宛名や住所、送り主など必要な情報が全て抜けているそれをみて

「なんだこれ?」

そう思いつつも好奇心に駆られたぼくは、明らかに怪しいそれを持ち部屋の鍵を開けた。

家賃4.5万円駅から徒歩15分のワンルーム。これがぼくの城。狭い部屋ではあるが風呂トイレ別。唯一の心休まる場所だ。

部屋へ入り電気をつける。テレビも何もない部屋が照らされる。ぼくは鞄をその辺へ投げると敷きっぱなしの布団の上に座り小包を見る。

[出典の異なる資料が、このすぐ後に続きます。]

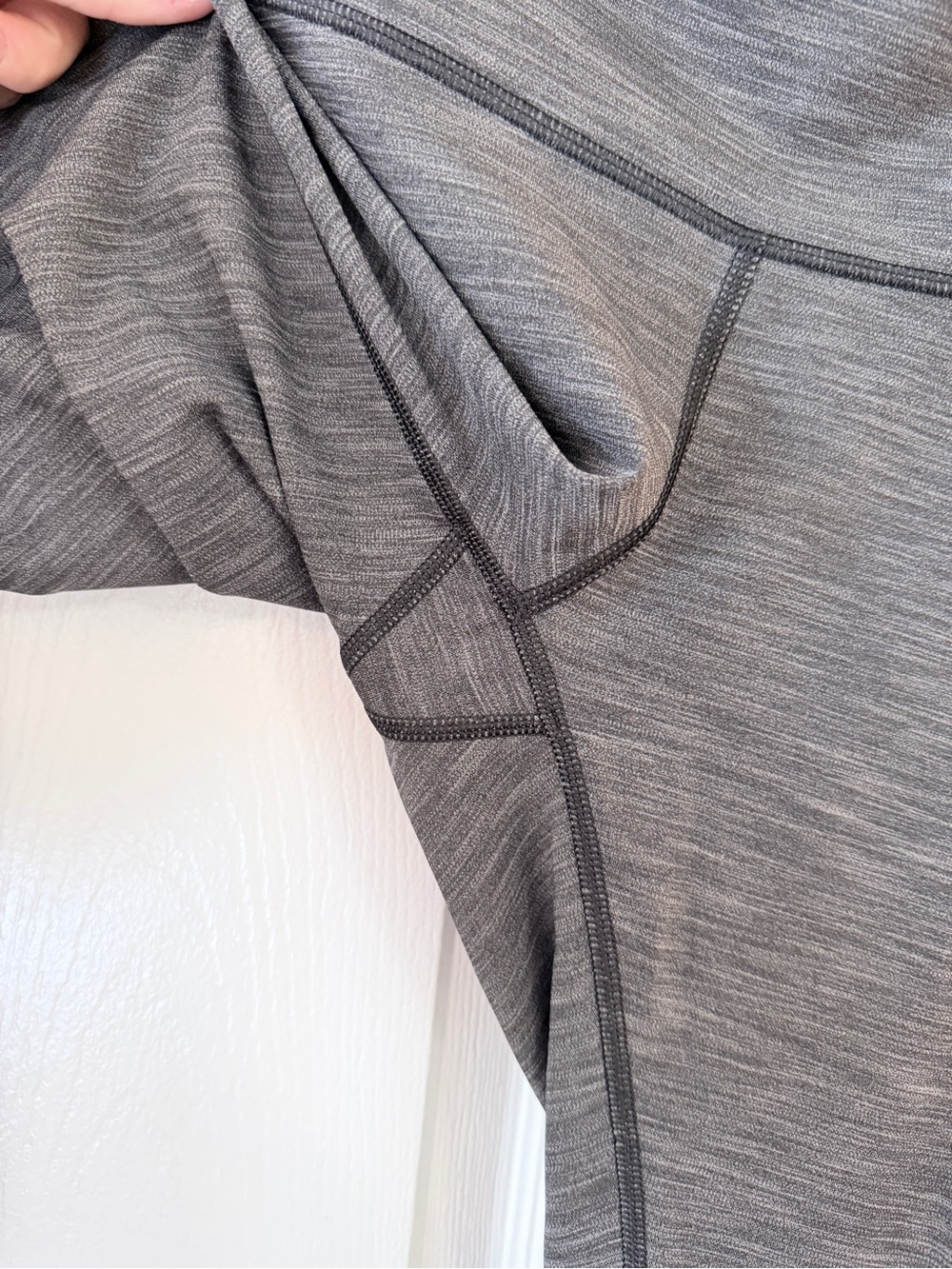 Lululemon Wunder Under Hi-Rise 7/8 Tight Full-On Luxtreme 25" Leggings - Size 10 - Picture 4 of 6
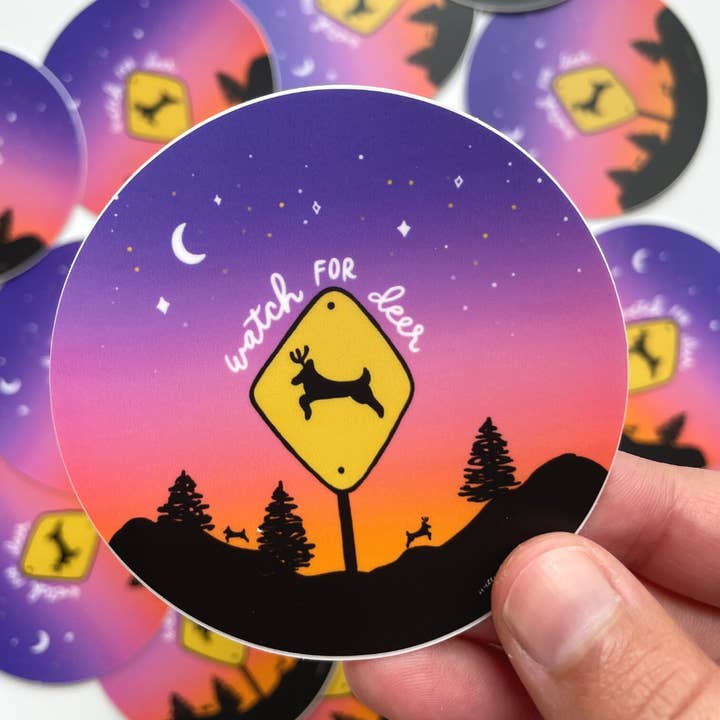 ”Titta på rådjur” klistermärke för wholesale av Witty Voyager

やはり心当たりはない。そもそも誰かが送ってきたものにしては切手や宛名など必要なものが足りなさすぎる。

少し不安になりつつもぼくはそれを開ける。

中には一枚の紙と一つのスイッチが入っていた。スイッチを布団の上に置きまずは紙に書いてあるものを読む。


【仕様書】

【このスイッチを押すとお金が手に入ります】

【一回押せば100万円】

【二回目は99万円】

【三回目は98万円】

【一回押すごとに貰える額は減ります】

【上限は5050万円】

【一回押すごとにあなたと直接関係のない人が1人死にます。】


紙には無機質にそれだけが書かれていた。

馬鹿馬鹿しい話だ。

スイッチを押したら金が手に入る?その代わり人が死ぬ?誰がそんなことを信じるんだ。

次の不燃物の日にでも捨てよう。そう思ったぼくはそれを机の上に置くといつものように風呂に入り床についた。